Читать книгу Кровь событий. Письма к жене. 1932–1954 - - Страница 50
«Кровь событий». Письма 1932–1954 годов
1947
№ 274. А. И. Клибанов – Н. В. Ельциной
Оглавление5.IV.47 г.
Родная Наталинька,
обстоятельства складываются так, что приехать мне удается только в конце месяца. Дело в том, что я должен собрать материалы, необходимые для того, чтобы иметь возможность работать в Ленинграде. Не знаю, успею ли собрать необходимое даже к этому сроку, но если и не успею – все равно, приеду.
Я только что закончил переработку своего исследования – «Написание о грамоте». Оно сильно изменилось к лучшему – буду с нетерпением ждать его опубликования, но все теперь тянется слишком долго. В настоящее время я работаю в области русско-еврейских культурных связей в конце XV века. Это будет статья, примерно такая же, как и «Написание», и она явится как бы продолжением «Написания». Мне удалось набрести на памятник итальянского Возрождения – знаменитую речь Пико делла Мирандола «О достоинстве человека». И вот оказалось, что предметом ее является самовластие души и в тех как раз выражениях, которые имеются в исследуемом мной русском памятнике. Т. о. моя идея получила окончательное подтверждение и в этой своей статье я ставлю вопрос о русской форме гуманизма в XV веке, запечатленном в формуле «Самовластие ума и души» и ставши основою всей последующей, национальной по характеру, русской культуры. Это моя центральная идея, хотя отнюдь не единственная и даже не единственно важная. Может быть, на этот раз я сделаю доклад в Ленинграде – в институте истории АН или в институте литературы, и тогда буду очень рад, если увижу тебя в аудитории и даже больше, сделаю доклад, чтобы иметь возможность быть тобой услышанным. Работа, которой я сейчас занят о русско-еврейских культурных связях, прямо продолжит «Написание». Как только поставлен и, думаю, решен вопрос о существовании русского гуманизма, подымается вопрос о его питательной среде. Для Италии и Франции это был античный Рим, затем античная Греция и, наконец, если так можно выразиться, античная Иудея. Это и понятно, ибо Италия и, в меньшей мере, Франция сами стояли на руинах античного мира. У нас на Руси этой питательной средой стала иудейская культура, и людей, приникших к ней в XV веке, прозвали «жидовствующими», тогда как они были гуманистами. С таким же основанием итальянских, французских, немецких гуманистов следовало бы прозвать «римствующими» или «грековствующими». Такова центральная идея статьи, к работе над которой я сейчас перешел. В данный момент я веду работу над двумя рукописными библиями исхода XV века, правленными по еврейскому оригиналу и обнаруживающими рационалистические и гуманистические убеждения переводчика. Я сопоставляю эти рукописи с рукописной церковно-славянской библией того же времени обычного типа, а также с еврейской библией. Все это очень кропотливая и трудоемкая работа и она-то меня и задерживает в Москве.

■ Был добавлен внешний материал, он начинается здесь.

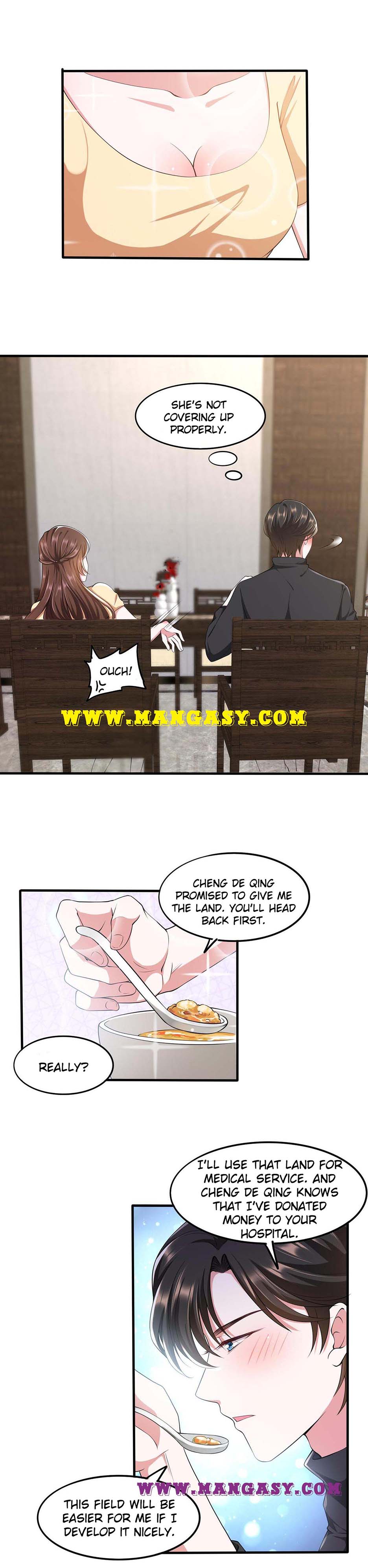Miss Time chapter 13 - page 6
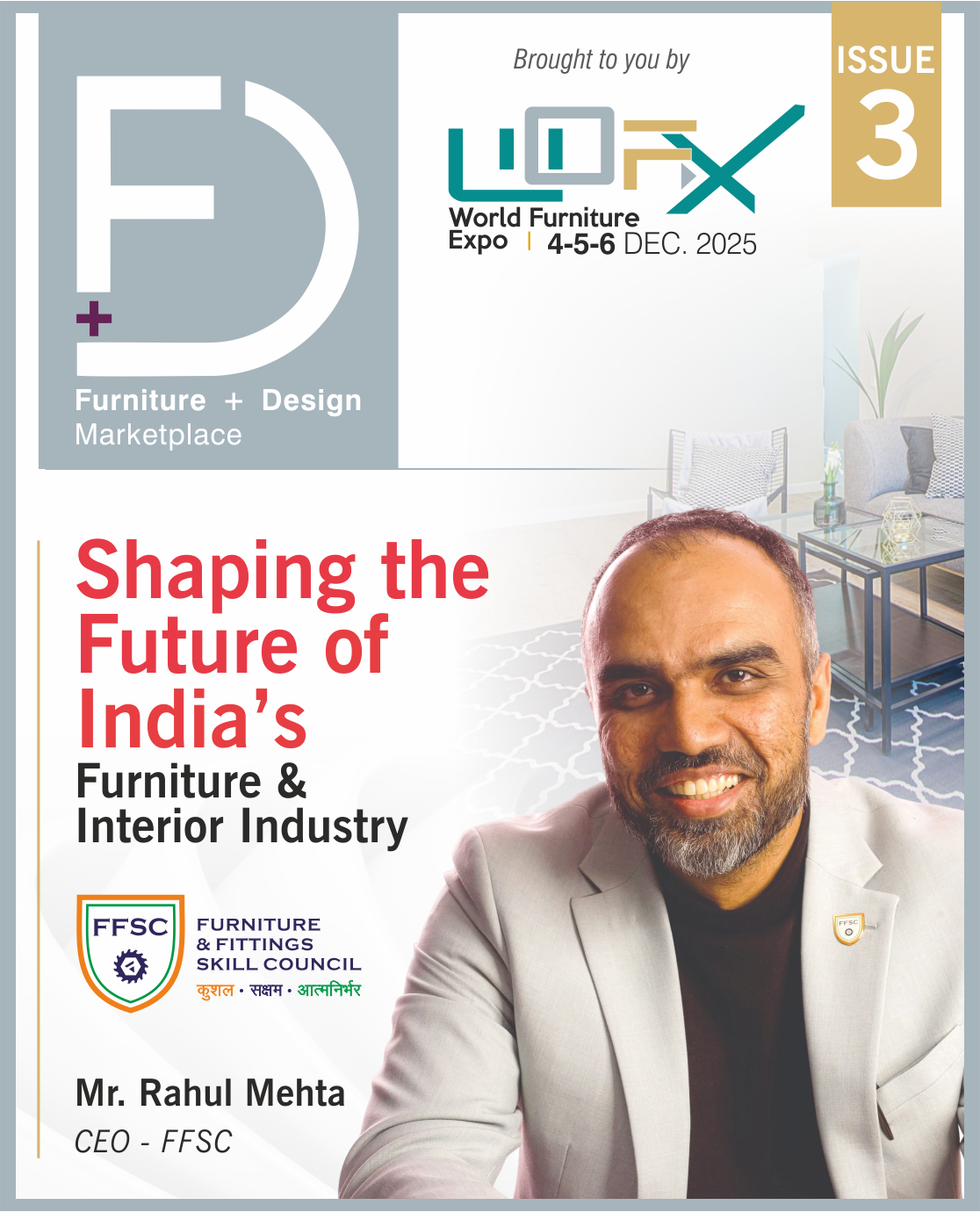 F+D Newsletter Issue 3 - 2025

В делах моих существенных новостей нет. Живу, как прежде. Работаю запоем. Это действительно «запой», в котором я топлю душу.
Приехал Ефим. Встреча получилась хотя и очень дружественной, но не вполне такой, какой я ее ожидал. Время осушает свежесть мысли, чувства и веры и пригибает к земле. Мы были с ним на двух концертах. Первый очень хороший. Сильное впечатление оставила 6‐я симфония Шостаковича. По-новому звучат инструменты, особенно скрипки в первой части, они звенят тончайшим серебром. Но краски Шостаковича скорее острые, чем сочные, он обогащает больше мыслями нежели чувствами, эта музыка несколько публицистична. Сам же он чудный, выходил эдаким увальнем, смотрел букой на публику, смущался и кланялся неловко… [Мравинский мне не понравился. Я бы сказал о нем: квалифицированный дирижер. Не знаю, чего больше в этом определении: похвалы или осуждения. Держится довольно развязно.] Второй концерт, который мы посетили, это балетная студия им. Айседоры Дункан. Но об этом нечего писать: эстрада.
Я опять болел гриппом, лежал и все на свете было не мило. Но грипп прошел. А вчера был весенний день. Обнажилась земля. Почернели ветлы. На улицах продают вербы. Небо было синее, и в воздухе растворена была жизнь. Мне стало лучше. Я подумал, что как ни безысходно существование, но еще более безысходно небытие. И даже при всех, решительно всех, обстоятельствах! Может быть, я когда-нибудь и переменю это мнение, но вчера я думал так. Родная моя, любимая моя, весна моя – жду встречи с тобой, думаю о тебе и люблю. Саня.